Ensuite, dans l’avis au lecteur, nous pouvons lire :
Ceux qui trouveront dans cét Ouvrage de la conformité avec quelques autres qui ont parû depuis six ou sept années, sont advertis qu’il estoit en estat d’estre mis au jour dés l’année 1650.
Or, dans A History of French Dramatic Literature in the Seventeenth Century35, H. C. Lancaster s’est penché sur ces « quelques autres » ouvrages en comparant la tragédie de Prade avec deux pièces représentées en 1658 et en 1661 et en reconnaissant, dans chacune de ces deux pièces, l’héritage d’Arsace. Il s’agit d’une tragi-comédie de Quinault, Amalasonte et d’une tragédie de Thomas Corneille, Camma, reine de Galatie. Selon Lancaster, Quinault et Corneille se seraient largement inspirés des scènes 8 et 9 de l’acte II de notre pièce pour y puiser un des ressorts de leurs intrigues. Rappelons en quoi consiste l’action de ces scènes, qui correspondent au point culminant de l’intrigue : Pharasmane tente de poignarder son frère qui se défend, mais le roi arrive à ce moment même, et voyant « le poignard tombant », est incapable de savoir qui des deux a commis l’attentat.

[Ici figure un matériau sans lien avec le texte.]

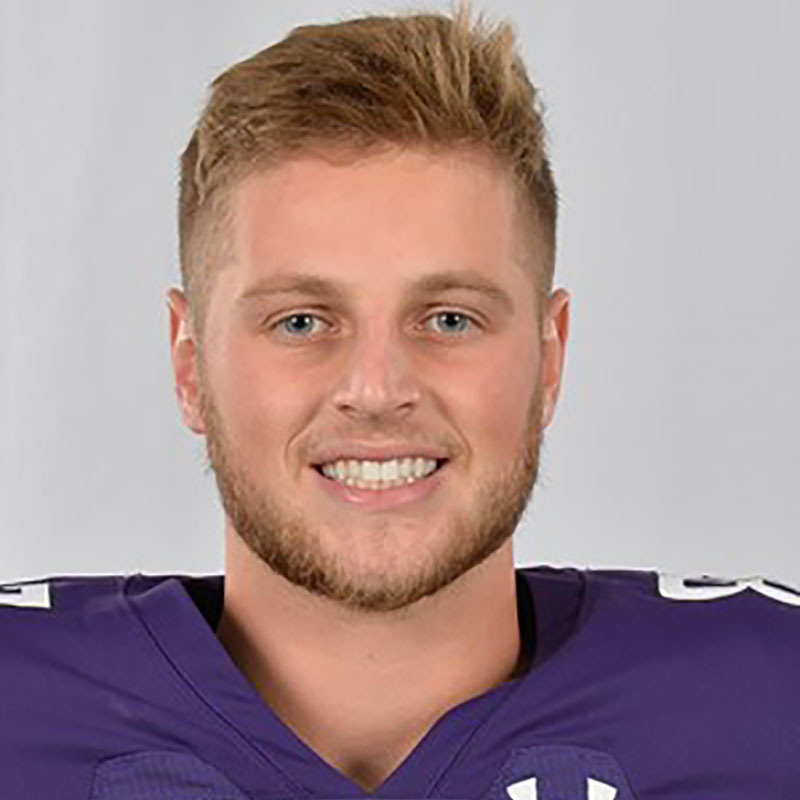 Jack Moses - Northwestern Wildcats - Wide Receiver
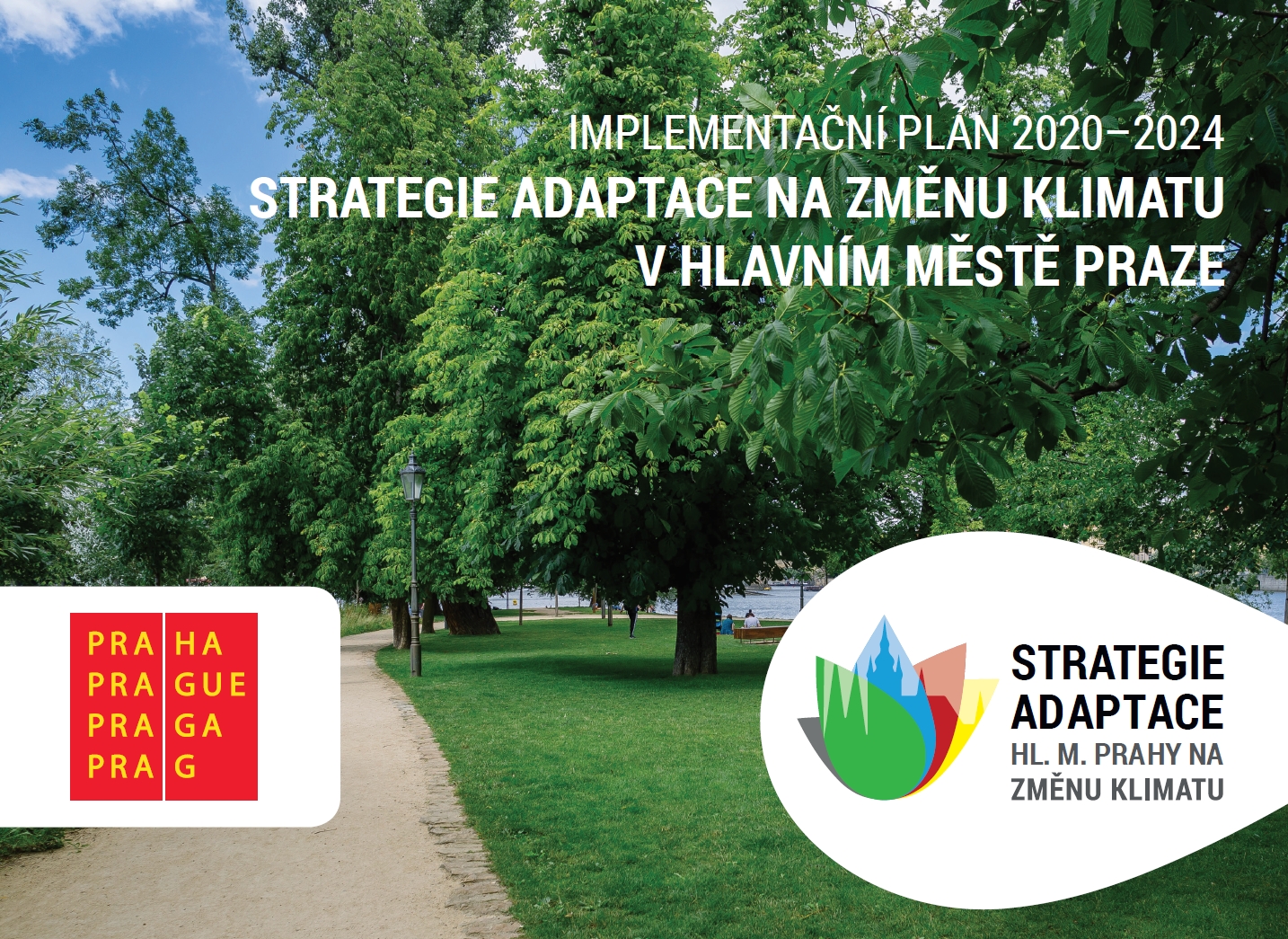 3159090_Implementační plán Strategie adaptace hl. m. Prahy na změnu klimatu na roky 2020 – 2024, obálka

Dans Amalasonte, créée en 1658, à la scène 6 de l’acte IV, Amalfrède profite du sommeil d’Amalasonte pour lever l’épée sur elle dans un moment de jalousie envers son amant Théodat dont elle est éprise, mais ce-dernier l’arrête et Amalfrède laisse l’épée dans la main de Théodat juste avant le réveil de l’héroïne. Mais ici, si comme dans Arsace, l’héroïne surprend un crime manqué, après qu’il a eut lieu, elle voit l’arme non pas au sol mais dans la main de son amant, ce qui l’oblige à croire en la culpabilité de l’un tandis que dans Arsace la situation plonge le roi dans le doute le plus complet.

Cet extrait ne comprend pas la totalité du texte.